However, there are few data in Argentina and Latin America about the epidemiology of VTED [20, 21] and this is the first paper reporting prospectively the incidence of VTED, DVT, and PTE in a population of Argentina. It is important to know the local epidemiology of this disease, as it can greatly impact the morbidity and mortality of patients. Thus, our goal was to estimate the incidence rate (IR) of VTED within the medical care program of the Italian Hospital of Buenos Aires, the most populous city in Argentina, using prospective symptomatic VTED data.

Methods

Population

A prospective cohort study was designed to evaluate all adult members of the Italian Hospital Medical Care Program (IHMCP) from June 1, 2006 to May 31, 2012. The Italian Hospital of Buenos Aires (IHBA) is a general tertiary level hospital offering comprehensive medical services to a population of 145,000 beneficiaries of the IHMCP, a prepaid health maintenance organisation (HMO) of the city of Buenos Aires in Argentina.

All medical care interventions for the beneficiaries are registered centrally in a computerised data repository, with only one electronic health record (EHR) per person. Medical care of all beneficiaries is carried out exclusively in the IHBA health system, which includes two hospitals—one of them highly specialised—with a total of 679 hospital beds. Both hospitals are located in the city of Buenos Aires and receive approximately 42,300 admissions annually. Ambulatory care is provided at these hospitals as well as 19 peripheral centres, which together receive more than 2.56 million outpatient visits per year [22].

On the other hand, according to the 2010 Argentinean National Census, the autonomous city of Buenos Aires has a population of 2,890,151 residents, of which 30% are under the age of 25 and 21.7% are over 60 years of age [23]. According to the 2010 Census demographics, the population distribution of patients included in the IHMCP is similar to that of Buenos Aires in regards to age and sex (Table 1).
Table 1

Comparison of the demographics of the city of Buenos Aires and the IHMCP based on the 2010 Argentina census

Age group

City of Buenos Aires

IHMCP data

 

n

%

n

%

0 - 14 years

472,511

16.3

21,808

14.3

15 - 24 years

395,806

13.7

13,725

9

25 - 34 years

495,663

17.2

21,087

13.8

35 - 44 years

396,202

13.7

17,975

11.8

45 - 54 years

342,647

11.9

16,303

10.7

55 - 64 years

313,251

10.8

20,569

13.5

65 years and older

474,071

16.4

40,964

26.5

Abbreviations: IHMCP italian hospital medical care program, N number, % percentage.

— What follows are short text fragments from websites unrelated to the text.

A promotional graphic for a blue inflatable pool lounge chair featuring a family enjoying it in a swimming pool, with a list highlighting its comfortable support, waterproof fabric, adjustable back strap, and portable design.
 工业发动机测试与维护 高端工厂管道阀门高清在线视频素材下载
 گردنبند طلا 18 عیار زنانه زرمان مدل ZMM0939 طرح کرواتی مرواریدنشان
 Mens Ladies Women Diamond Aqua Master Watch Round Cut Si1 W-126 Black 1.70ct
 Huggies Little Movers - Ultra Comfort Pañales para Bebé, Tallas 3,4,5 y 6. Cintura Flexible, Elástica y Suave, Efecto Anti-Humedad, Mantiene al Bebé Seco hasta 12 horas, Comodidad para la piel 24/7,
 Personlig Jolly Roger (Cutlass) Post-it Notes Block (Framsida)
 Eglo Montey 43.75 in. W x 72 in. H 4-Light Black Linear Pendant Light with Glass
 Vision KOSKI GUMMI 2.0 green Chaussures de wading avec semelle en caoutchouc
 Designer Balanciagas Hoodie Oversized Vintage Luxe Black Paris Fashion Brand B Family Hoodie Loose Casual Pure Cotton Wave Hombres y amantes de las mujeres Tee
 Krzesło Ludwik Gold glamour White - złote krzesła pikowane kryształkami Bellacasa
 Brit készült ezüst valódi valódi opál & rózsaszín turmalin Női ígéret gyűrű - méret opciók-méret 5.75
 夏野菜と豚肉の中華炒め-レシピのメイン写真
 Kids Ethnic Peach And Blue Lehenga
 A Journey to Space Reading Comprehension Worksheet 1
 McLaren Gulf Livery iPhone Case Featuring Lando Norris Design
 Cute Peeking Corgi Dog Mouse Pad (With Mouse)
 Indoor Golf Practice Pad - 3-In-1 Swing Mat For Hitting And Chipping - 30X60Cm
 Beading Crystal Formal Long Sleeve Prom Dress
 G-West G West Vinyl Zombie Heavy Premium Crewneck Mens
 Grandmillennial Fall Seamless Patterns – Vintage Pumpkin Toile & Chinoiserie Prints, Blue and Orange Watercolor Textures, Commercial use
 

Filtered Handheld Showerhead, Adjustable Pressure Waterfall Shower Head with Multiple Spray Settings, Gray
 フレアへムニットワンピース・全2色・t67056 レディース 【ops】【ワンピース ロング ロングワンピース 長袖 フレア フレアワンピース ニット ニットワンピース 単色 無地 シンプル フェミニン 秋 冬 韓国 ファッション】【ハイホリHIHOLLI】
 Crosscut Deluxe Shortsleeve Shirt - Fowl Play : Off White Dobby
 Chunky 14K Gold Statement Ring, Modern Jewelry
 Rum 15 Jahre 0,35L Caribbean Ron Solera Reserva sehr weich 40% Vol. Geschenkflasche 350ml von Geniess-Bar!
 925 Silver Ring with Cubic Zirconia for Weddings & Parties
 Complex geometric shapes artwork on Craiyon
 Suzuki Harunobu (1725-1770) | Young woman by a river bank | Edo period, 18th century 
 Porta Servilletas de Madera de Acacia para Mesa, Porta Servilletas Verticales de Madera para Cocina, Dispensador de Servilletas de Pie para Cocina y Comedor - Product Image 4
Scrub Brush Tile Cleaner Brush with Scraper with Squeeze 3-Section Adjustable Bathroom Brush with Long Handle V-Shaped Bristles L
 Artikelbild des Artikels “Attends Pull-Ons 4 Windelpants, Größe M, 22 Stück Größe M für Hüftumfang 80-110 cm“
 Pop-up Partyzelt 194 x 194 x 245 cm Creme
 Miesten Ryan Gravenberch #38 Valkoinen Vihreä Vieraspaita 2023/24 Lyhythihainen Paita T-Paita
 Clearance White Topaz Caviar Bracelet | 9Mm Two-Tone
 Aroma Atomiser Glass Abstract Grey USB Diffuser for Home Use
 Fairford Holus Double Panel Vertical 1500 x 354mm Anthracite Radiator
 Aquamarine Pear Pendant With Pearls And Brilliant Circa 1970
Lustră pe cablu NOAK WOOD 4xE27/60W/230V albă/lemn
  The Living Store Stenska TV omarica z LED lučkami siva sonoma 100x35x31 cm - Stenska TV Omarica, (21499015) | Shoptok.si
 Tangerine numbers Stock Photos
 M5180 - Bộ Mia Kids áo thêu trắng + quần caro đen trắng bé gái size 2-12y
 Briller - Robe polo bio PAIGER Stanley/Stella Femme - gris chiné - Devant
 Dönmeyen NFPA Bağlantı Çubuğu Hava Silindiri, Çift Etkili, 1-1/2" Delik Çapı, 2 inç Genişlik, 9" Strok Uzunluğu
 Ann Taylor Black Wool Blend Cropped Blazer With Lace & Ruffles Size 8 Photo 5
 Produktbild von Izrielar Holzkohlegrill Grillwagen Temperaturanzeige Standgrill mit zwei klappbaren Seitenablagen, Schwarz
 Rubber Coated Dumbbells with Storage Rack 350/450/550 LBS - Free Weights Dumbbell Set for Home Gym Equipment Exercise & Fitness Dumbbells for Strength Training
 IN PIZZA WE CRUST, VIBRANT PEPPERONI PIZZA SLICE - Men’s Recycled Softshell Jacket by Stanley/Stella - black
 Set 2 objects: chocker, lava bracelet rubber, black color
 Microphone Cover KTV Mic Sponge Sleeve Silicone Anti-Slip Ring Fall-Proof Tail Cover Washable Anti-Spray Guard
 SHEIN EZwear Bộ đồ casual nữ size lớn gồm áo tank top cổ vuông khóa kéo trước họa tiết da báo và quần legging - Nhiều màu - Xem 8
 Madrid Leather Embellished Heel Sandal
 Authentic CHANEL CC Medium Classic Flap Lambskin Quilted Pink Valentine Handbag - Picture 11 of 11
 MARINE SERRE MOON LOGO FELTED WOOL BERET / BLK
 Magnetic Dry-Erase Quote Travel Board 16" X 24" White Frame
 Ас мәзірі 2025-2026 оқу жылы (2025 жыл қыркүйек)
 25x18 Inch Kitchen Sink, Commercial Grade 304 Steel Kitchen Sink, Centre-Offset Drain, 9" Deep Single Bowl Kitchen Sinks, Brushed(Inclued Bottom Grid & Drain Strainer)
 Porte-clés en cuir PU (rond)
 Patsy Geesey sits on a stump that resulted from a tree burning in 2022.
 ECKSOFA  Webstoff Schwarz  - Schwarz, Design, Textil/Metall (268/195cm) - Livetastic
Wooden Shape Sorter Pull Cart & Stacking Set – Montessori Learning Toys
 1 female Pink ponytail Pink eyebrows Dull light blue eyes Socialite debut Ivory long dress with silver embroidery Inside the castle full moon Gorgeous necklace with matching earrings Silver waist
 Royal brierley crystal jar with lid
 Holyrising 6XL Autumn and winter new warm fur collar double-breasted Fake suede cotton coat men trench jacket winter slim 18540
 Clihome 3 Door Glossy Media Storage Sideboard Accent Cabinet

The study was done in compliance with the Helsinki Declaration and was approved by the Ethics Committee of HIBA (protocol N° 1877). Consent: Oral informed consent was obtained from the patient for this study, as is required in Argentina for observational designs.

Case detection

Since 2006, the IHBA has collected VTED cases in a prospective registry (the Institutional Registry of Thromboembolic Disease, IRTD [24]) that includes all consecutive patients older than 17 years with suspected PTE and/or confirmed PTE and DVT who were diagnosed in any hospital department, including outpatient clinics, inpatient general wards for all specialties (medical and surgical), and critical care areas.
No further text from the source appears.